Vision des villes contre réalité des champs? C'est ce qu'on pense dans les estives. Jean Lassalle va plus loin: "La position citadine exacerbée par le lobby écolo a pris le pouvoir.
La ministre fait exactement ce qu'il ne fallait pas faire. Son annonce nous dresse les uns contre les autres, excite inutilement les gens".

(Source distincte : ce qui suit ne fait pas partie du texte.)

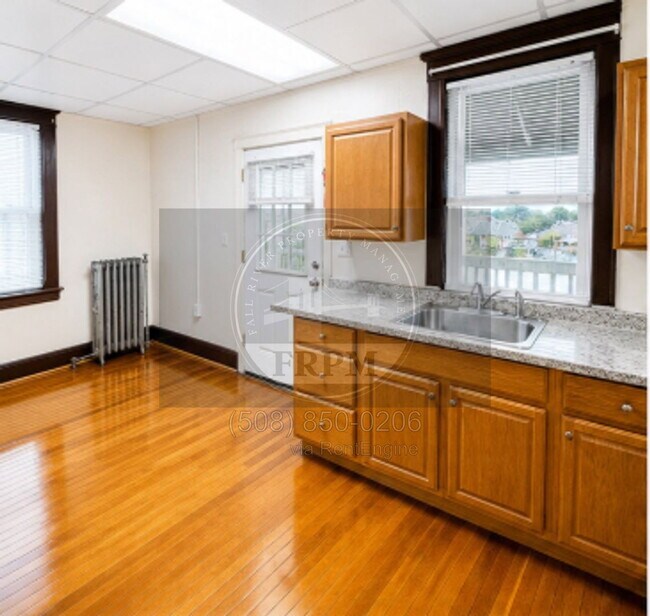 Foto del edificio - 244 Osborn St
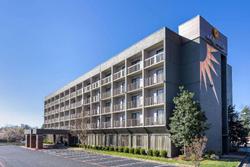 La Quinta Inn Suites By Wyndham Kingsport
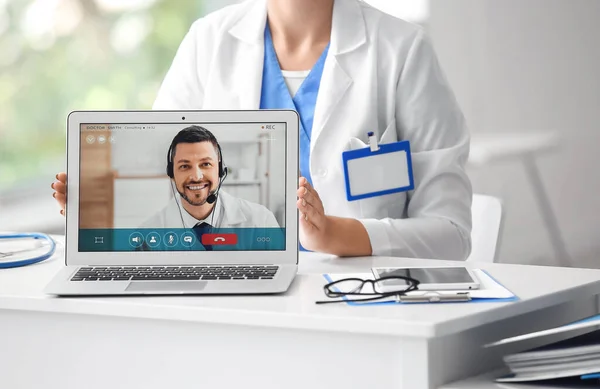 Medico Video Chat Con Collega Studio Medico — Foto Stock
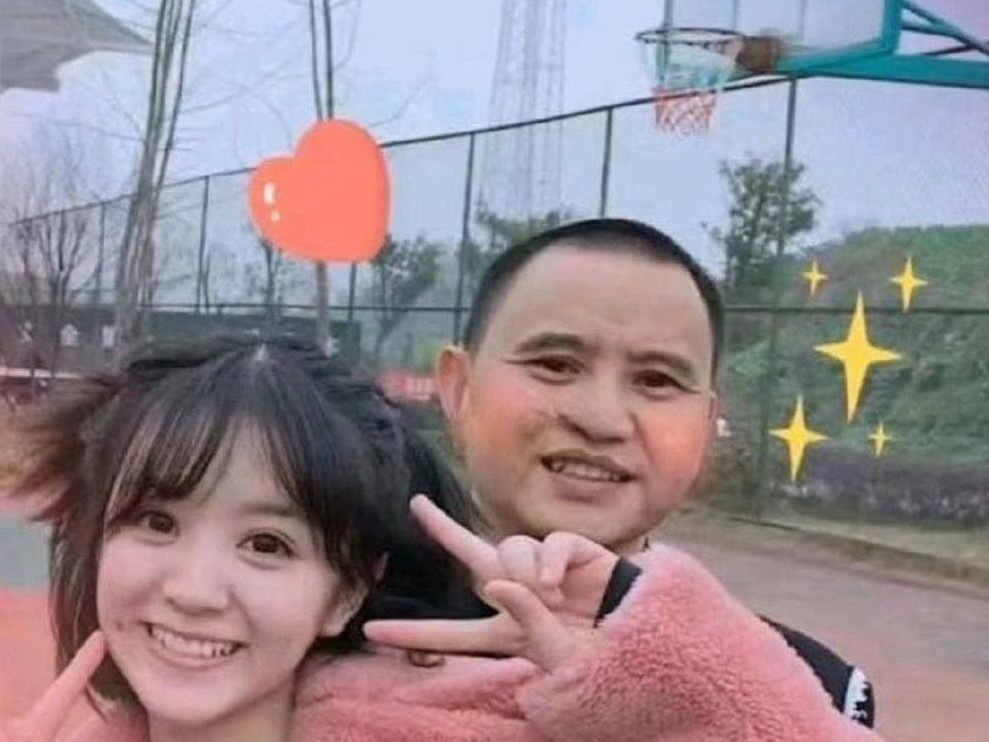 田曦薇爸妈眼睛都不算很大，为什么她眼睛这么大？ 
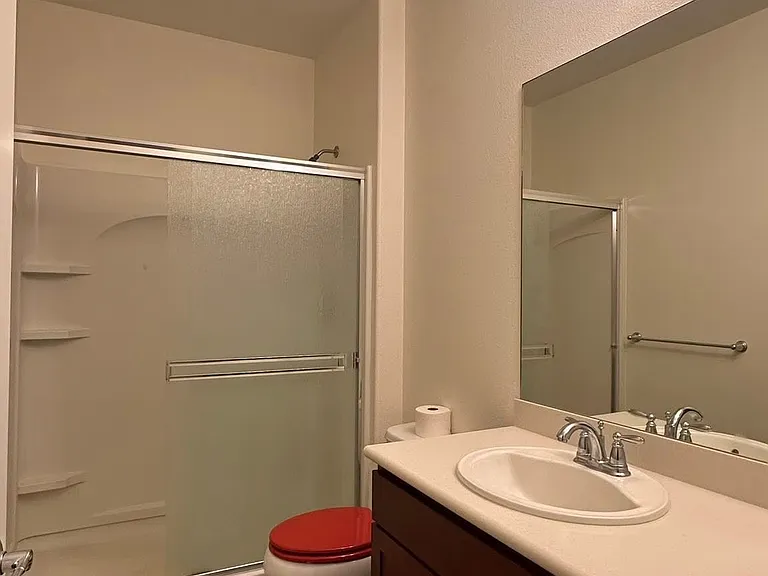 1166 Kukulu St #706 — Photo 7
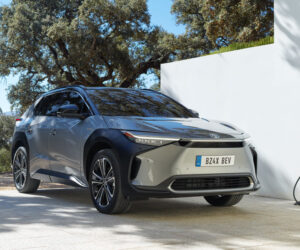 Toyota 高管：Hybrid 和 EV 一样能降低碳排放，能起到保护地球的作用！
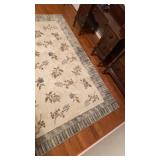 Area Rug 95 x 130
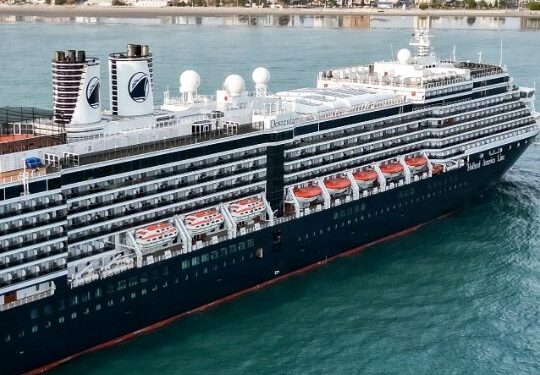 Temporada de cruceros en Chubut: llegó por segunda vez el Oosterdam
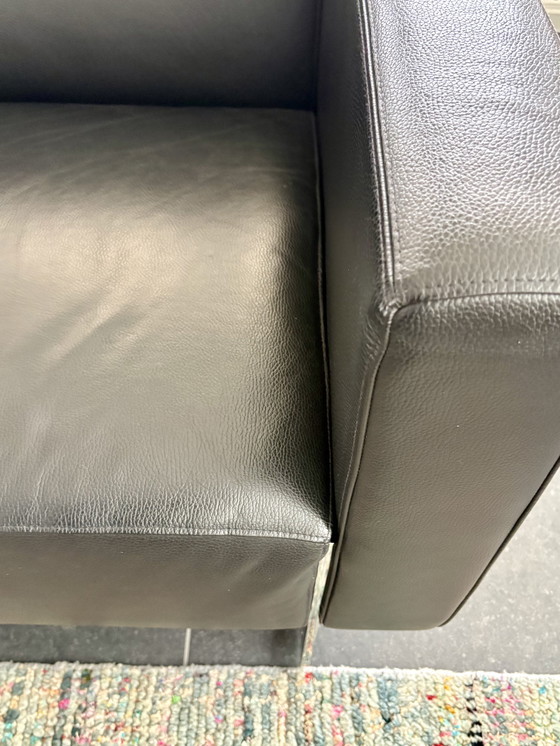 Image 1 of Artifort Mare, 2.5-seater sofa in black leather.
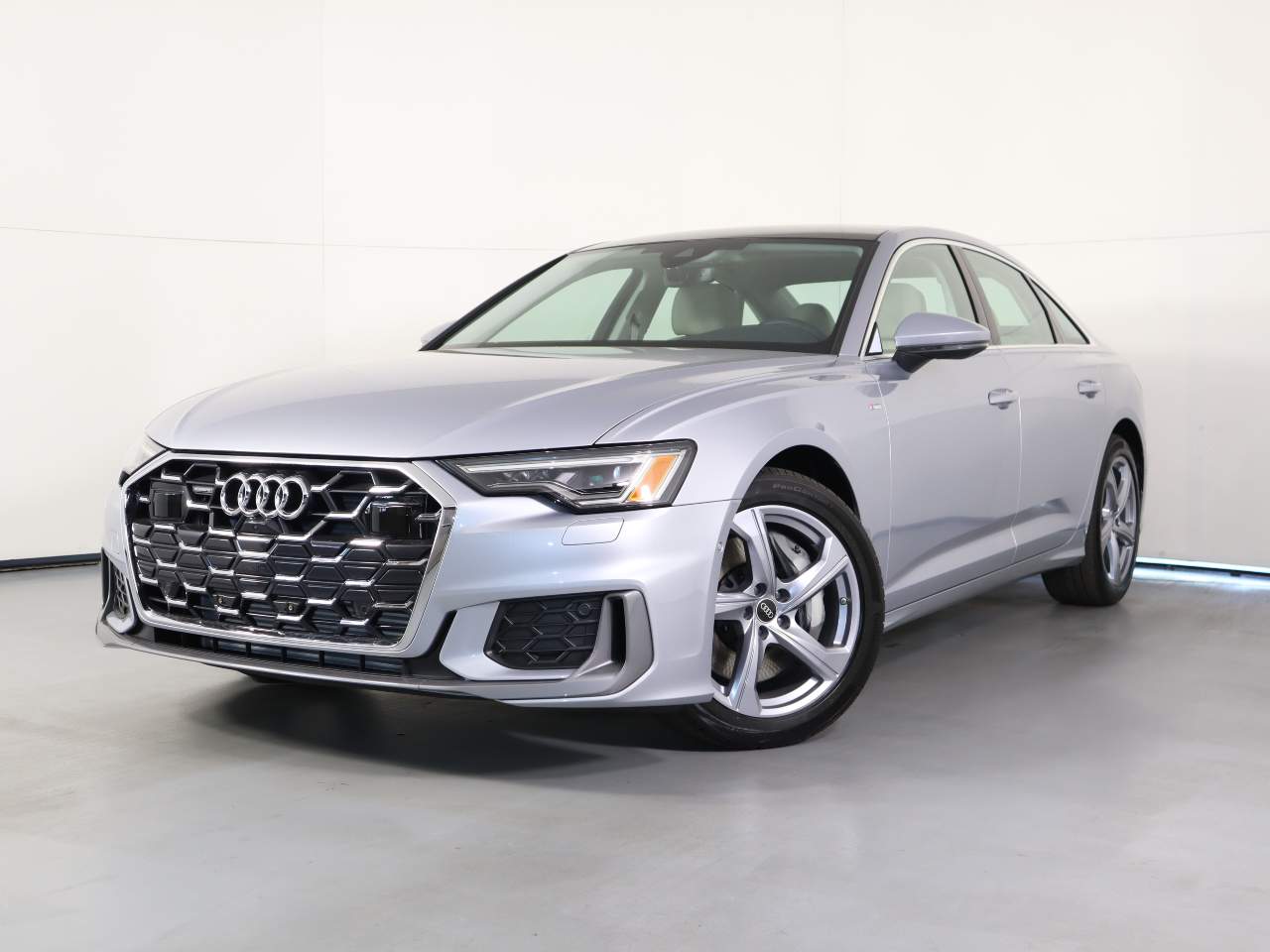 2025 Audi A6 quattro Premium Plus 55 TFSI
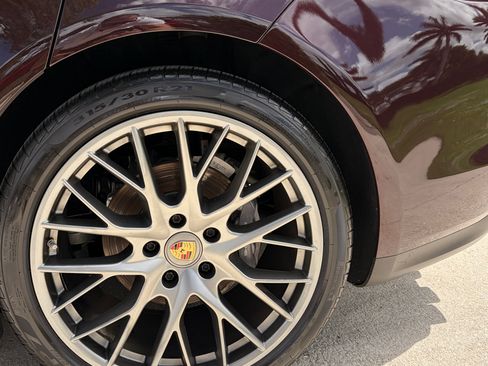 Used 2023 Porsche Panamera image 12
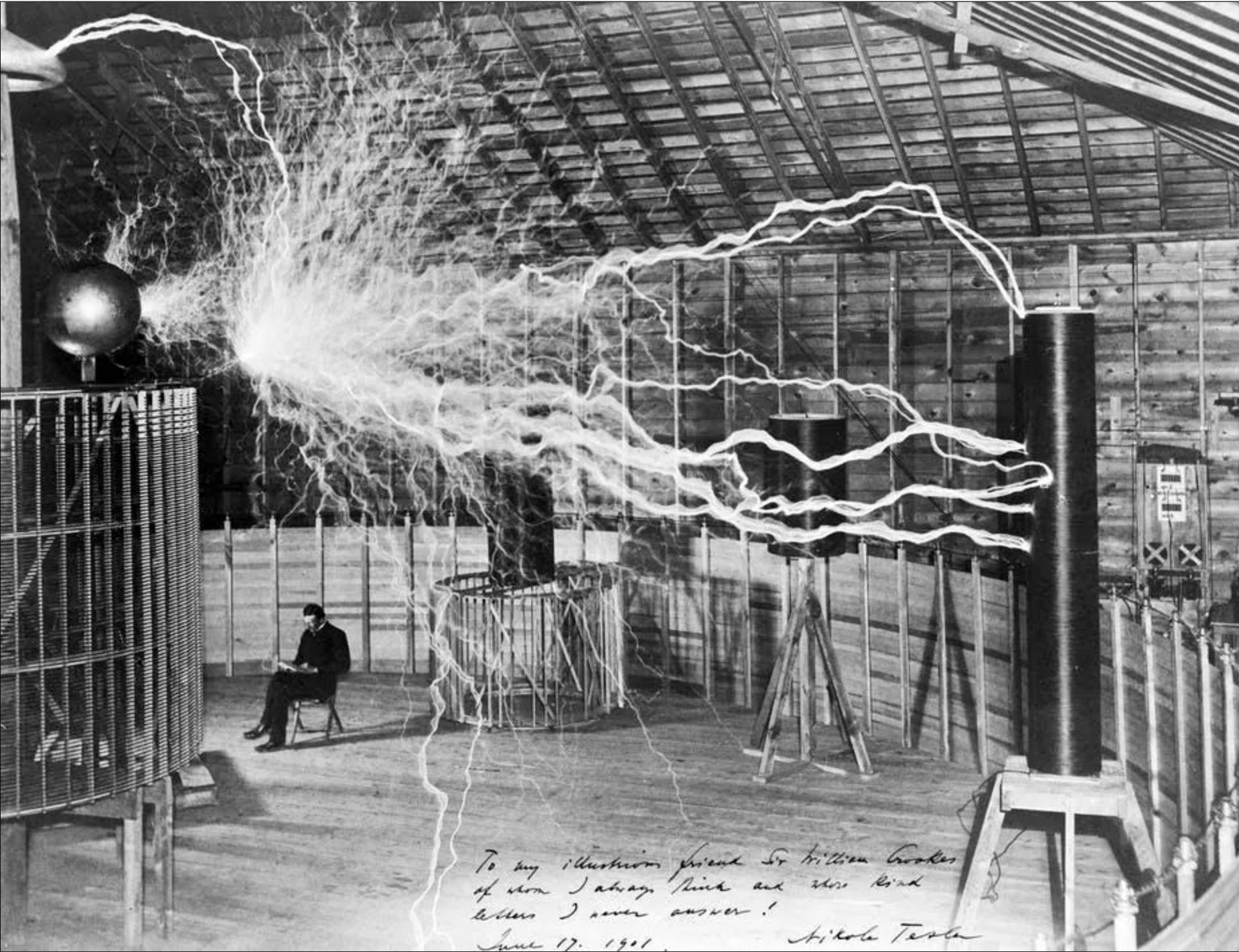 L'inventeur au fond, avec sa bobine Tesla (obtenue grâce à une double exposition).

Car, le député l'affirme: "ce plan de réintroduction de cinq ours n'a aucune chance de se réaliser. C'est impossible dans un milieu aussi hostile". Le report de six mois serait un
premier signe de recul, une façon "de faire faussement plaisir aux écolos". Et puis il note la volonté de la ministre de trouver un accord préalable avec l'Association nationale
des élus de la montagne, "qui a déjà dit ce qu'elle pensait d'une solution imposée". Les bergers aimeraient bien partager cet optimisme.
(voir commentaires)
Il est vrai néanmoins que du côté des associations défendant la restauration ursine, on se dit "déçus". "L'heure n'était pas aux atermoiements. On aurait pu lâcher au moins un ours
dès cette année: l'équipe de capture en Slovénie était prête...", regrette la coordinatrice de Ours-Férus qui faisait partie de la délégation Cap-ours. Des regrets partagés par
Alain Reynes de l'Adet, pays de l'ours. " Mais nous
restons dans la dynamique d'un même projet. On avance pas à pas", se console-t-il. Il dit surtout ne pas comprendre le rejet des bergers qui "pervertissent, renient leur histoire,
leur culture qui est celle de la cohabitation avec l'ours". Un discours qui ne passe pas: "Pourquoi ne pas imposer aux citadins un serpent dans leur gazon?", réplique Alain
Casassus. L'heure du dialogue n'est en tout cas pas prête de sonner.